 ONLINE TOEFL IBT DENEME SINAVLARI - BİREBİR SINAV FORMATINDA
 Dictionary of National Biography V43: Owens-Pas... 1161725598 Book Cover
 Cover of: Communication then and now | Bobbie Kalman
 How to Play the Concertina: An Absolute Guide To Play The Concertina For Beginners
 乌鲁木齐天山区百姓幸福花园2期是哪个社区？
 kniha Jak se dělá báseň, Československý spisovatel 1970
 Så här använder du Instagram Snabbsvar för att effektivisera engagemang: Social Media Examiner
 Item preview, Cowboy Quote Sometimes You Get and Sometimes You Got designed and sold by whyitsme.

---

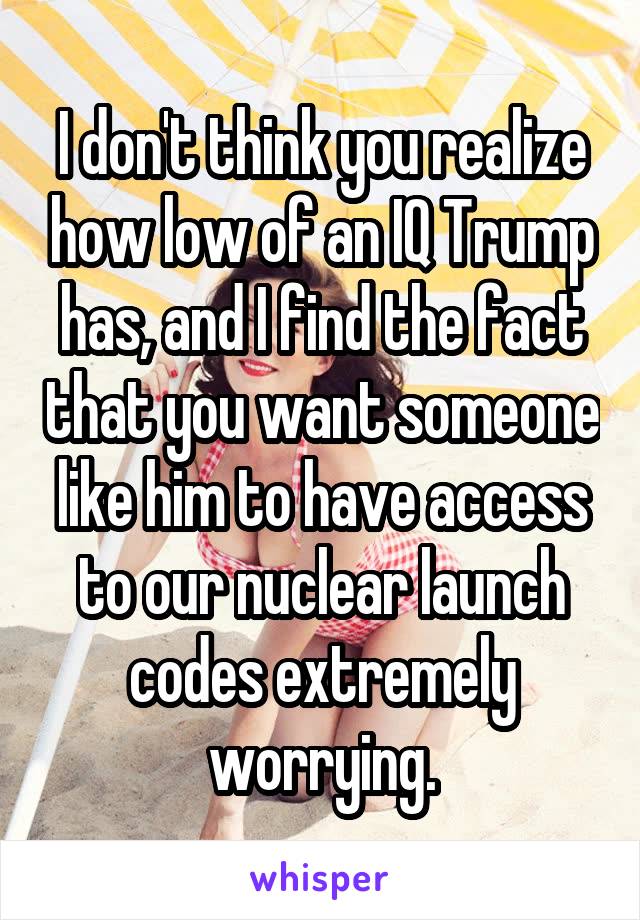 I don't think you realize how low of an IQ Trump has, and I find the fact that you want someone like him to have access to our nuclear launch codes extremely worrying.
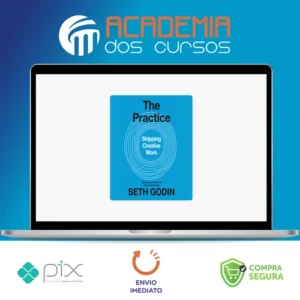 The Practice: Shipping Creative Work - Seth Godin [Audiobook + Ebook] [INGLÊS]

_EXERCISE DETAILS_. Give back exactly the lines of the listing above that run from the line with "kniha Jak se" to the line with "Item preview, Cowboy", inclusive.

_RESPONSE TO THIS TASK_.
 kniha Jak se dělá báseň, Československý spisovatel 1970
 Så här använder du Instagram Snabbsvar för att effektivisera engagemang: Social Media Examiner
 Item preview, Cowboy Quote Sometimes You Get and Sometimes You Got designed and sold by whyitsme.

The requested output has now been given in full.